WORK TO BE COMPLETED |
From the line containing "Mosaic Black Metallic" through the last line of the entries below, transcribe each line exactly, excluding any picture.

[Records contained in a dataset]
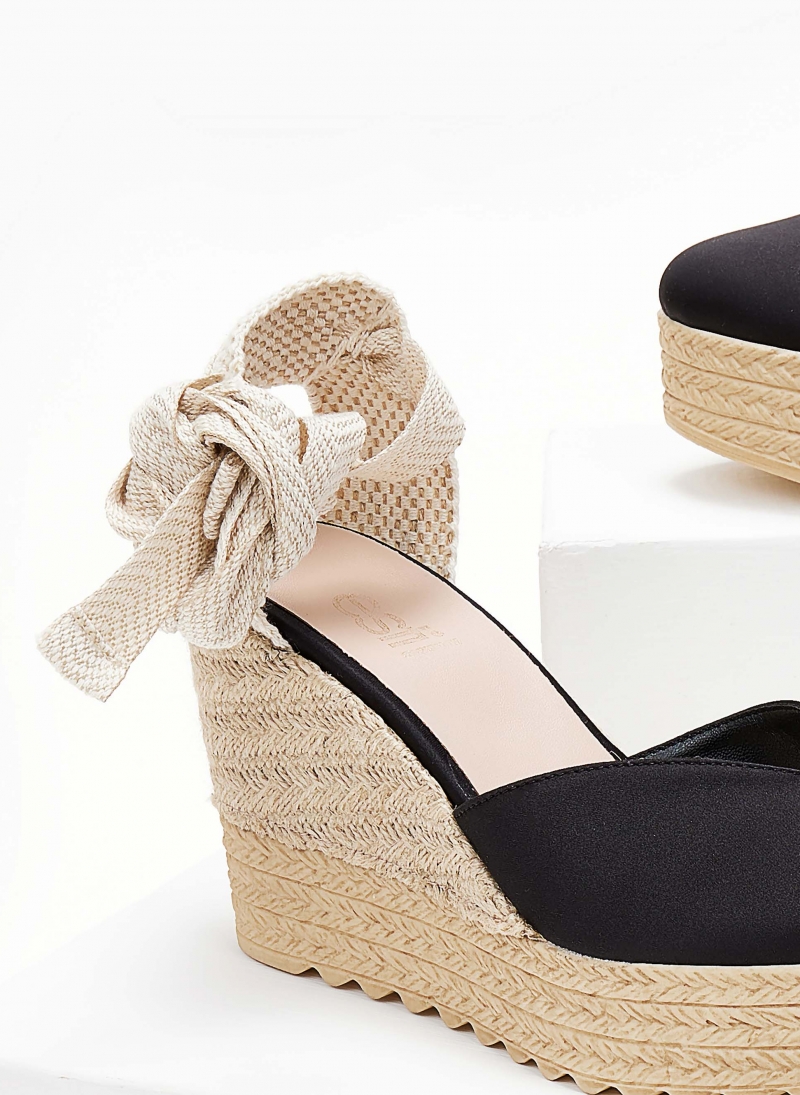 Εσπαντρίγιες platforms lace up estil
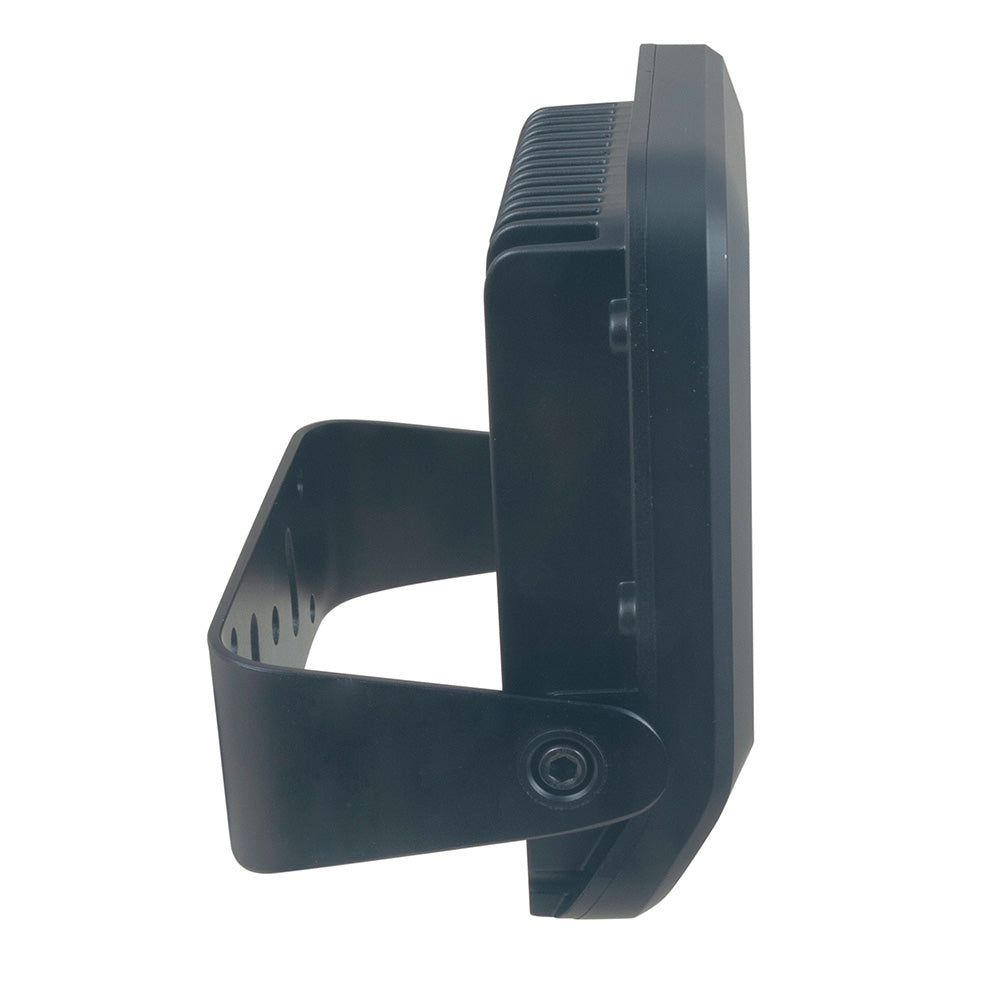 Perko Lightship 50 LED High Performance Spotlight - 12/24V - Black - Deckhand Marine Supply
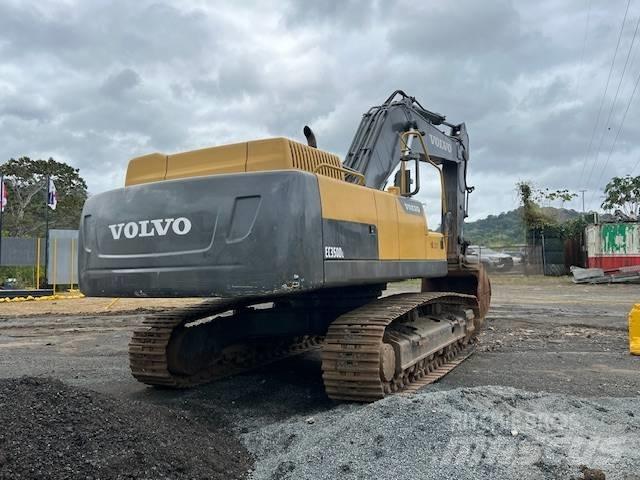 Volvo EC 350DL Bagri goseničarji
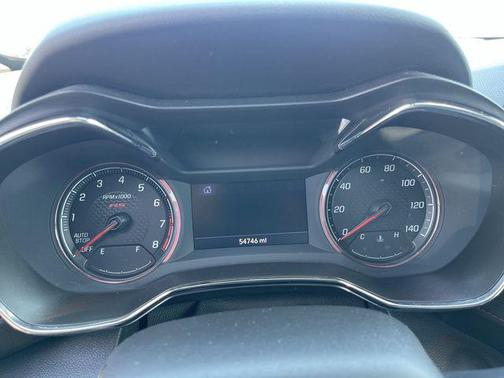Mosaic Black Metallic 2023 Chevrolet Trailblazer RS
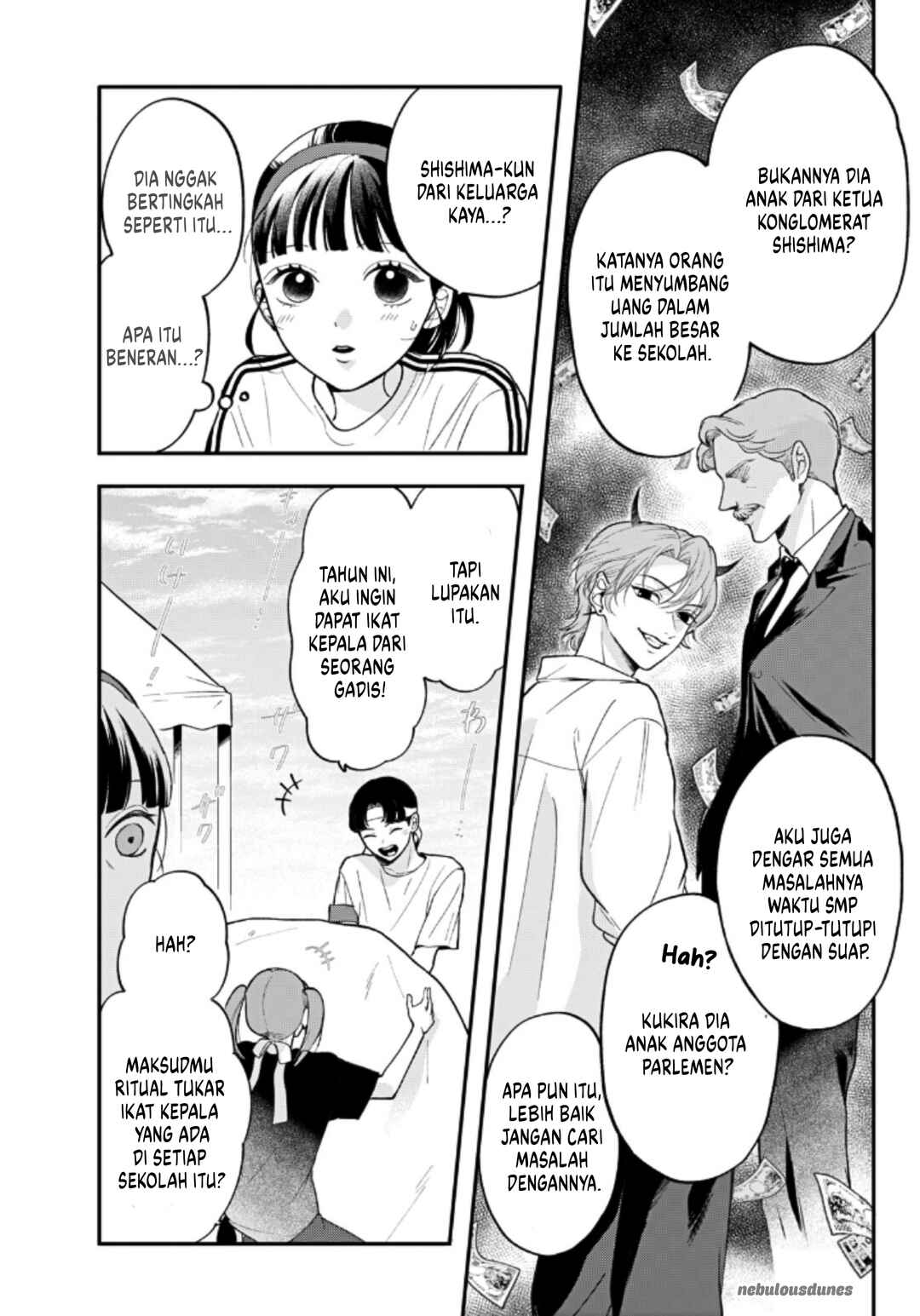 Kuroko to Akuyaku-kun Chapter 3 - Page 10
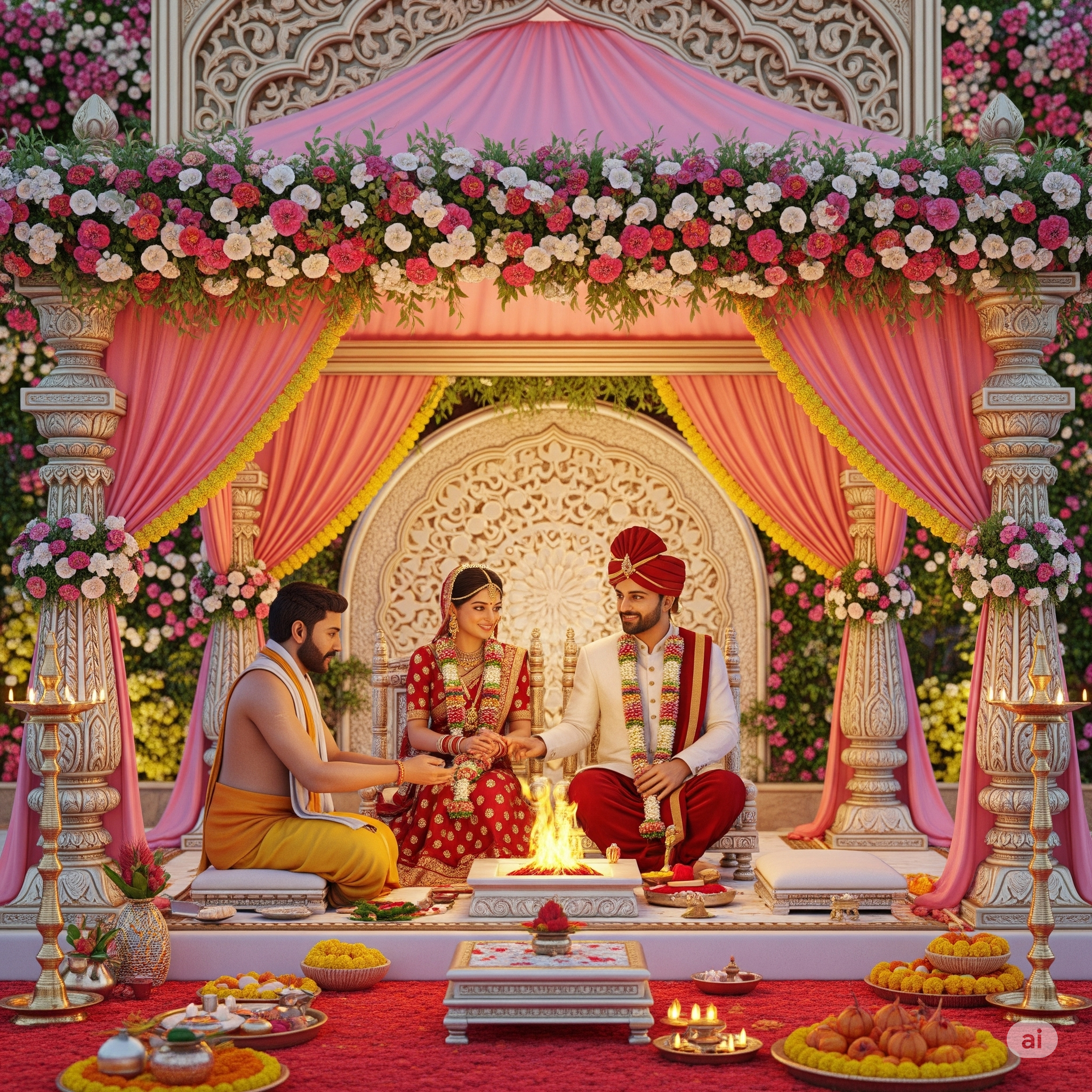 Pandit Booking For Marriage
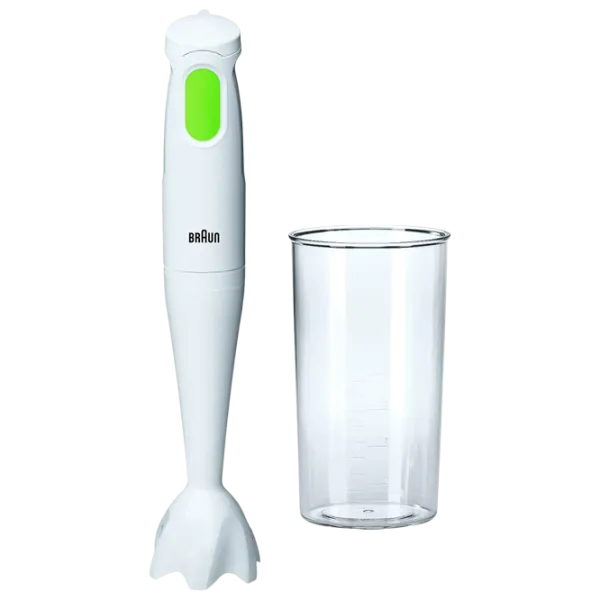 Blender de mână Braun MQ100 White photo 1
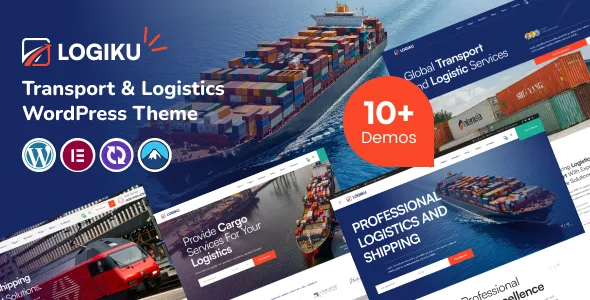 Logiku Transport & Logistics WordPress Theme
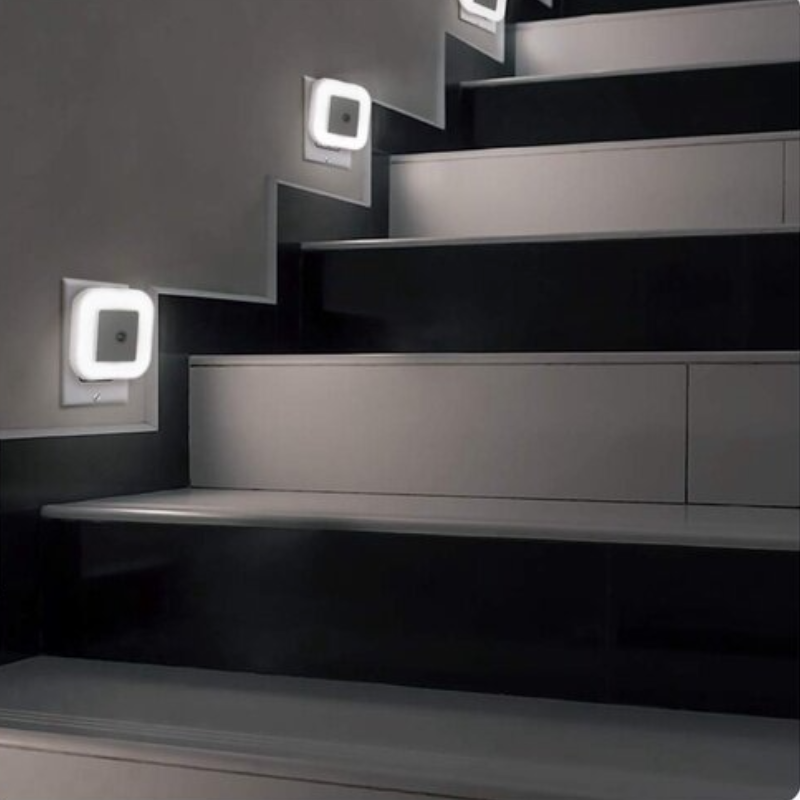 BowLift | SensorGlow – Smart Sensor Night Light with Long-Lasting Brightness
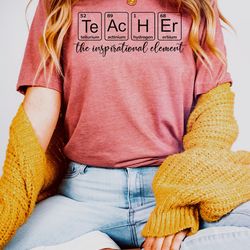 shirt teacher sweatshirt, teacher appreciation gift, science teacher shirt, new teacher gift, elementary school teacher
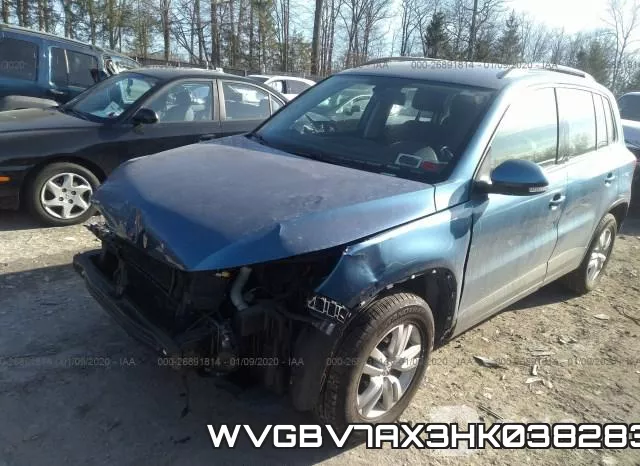 WVGBV7AX3HK038283 фото 3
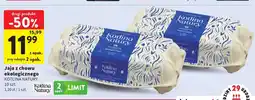 Intermarche Jajka kurze z chowu ekologicznego Kotlina Natury oferta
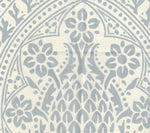 Pina, Soft Windsor Blue on Tinted Linen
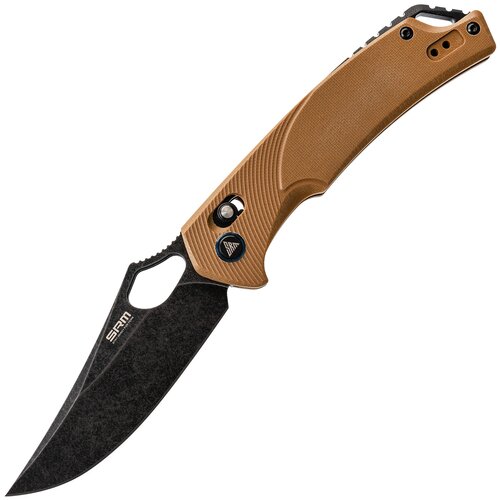 фото Складной нож srm 9202-gw, сталь d2, рукоять g10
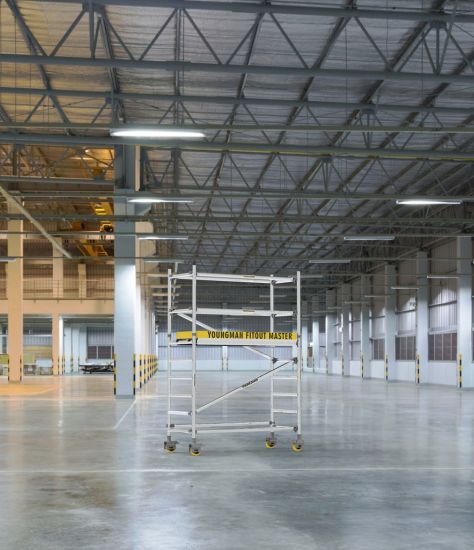 Light Weight Mobile Access Fitout Master Tower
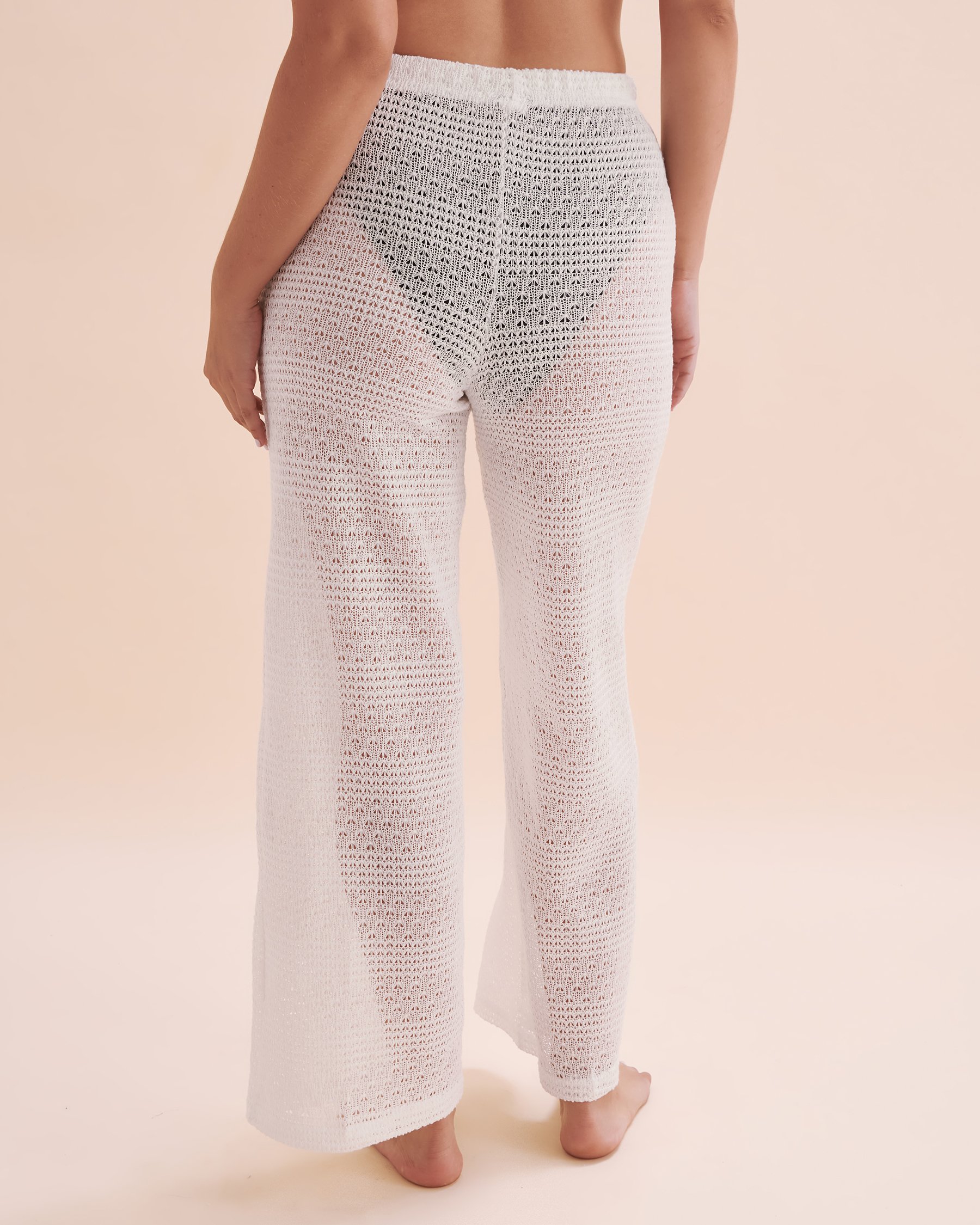 COVER ME Moroccan Crochet Pants Cream/Off White 25027025 - View2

RESPONSE |
Mosaic Black Metallic 2023 Chevrolet Trailblazer RS
 Kuroko to Akuyaku-kun Chapter 3 - Page 10
 Pandit Booking For Marriage
 Blender de mână Braun MQ100 White photo 1
 Logiku Transport & Logistics WordPress Theme
 BowLift | SensorGlow – Smart Sensor Night Light with Long-Lasting Brightness
 shirt teacher sweatshirt, teacher appreciation gift, science teacher shirt, new teacher gift, elementary school teacher
 WVGBV7AX3HK038283 фото 3
 Intermarche Jajka kurze z chowu ekologicznego Kotlina Natury oferta
 Pina, Soft Windsor Blue on Tinted Linen
 фото Складной нож srm 9202-gw, сталь d2, рукоять g10
 Light Weight Mobile Access Fitout Master Tower
 COVER ME Moroccan Crochet Pants Cream/Off White 25027025 - View2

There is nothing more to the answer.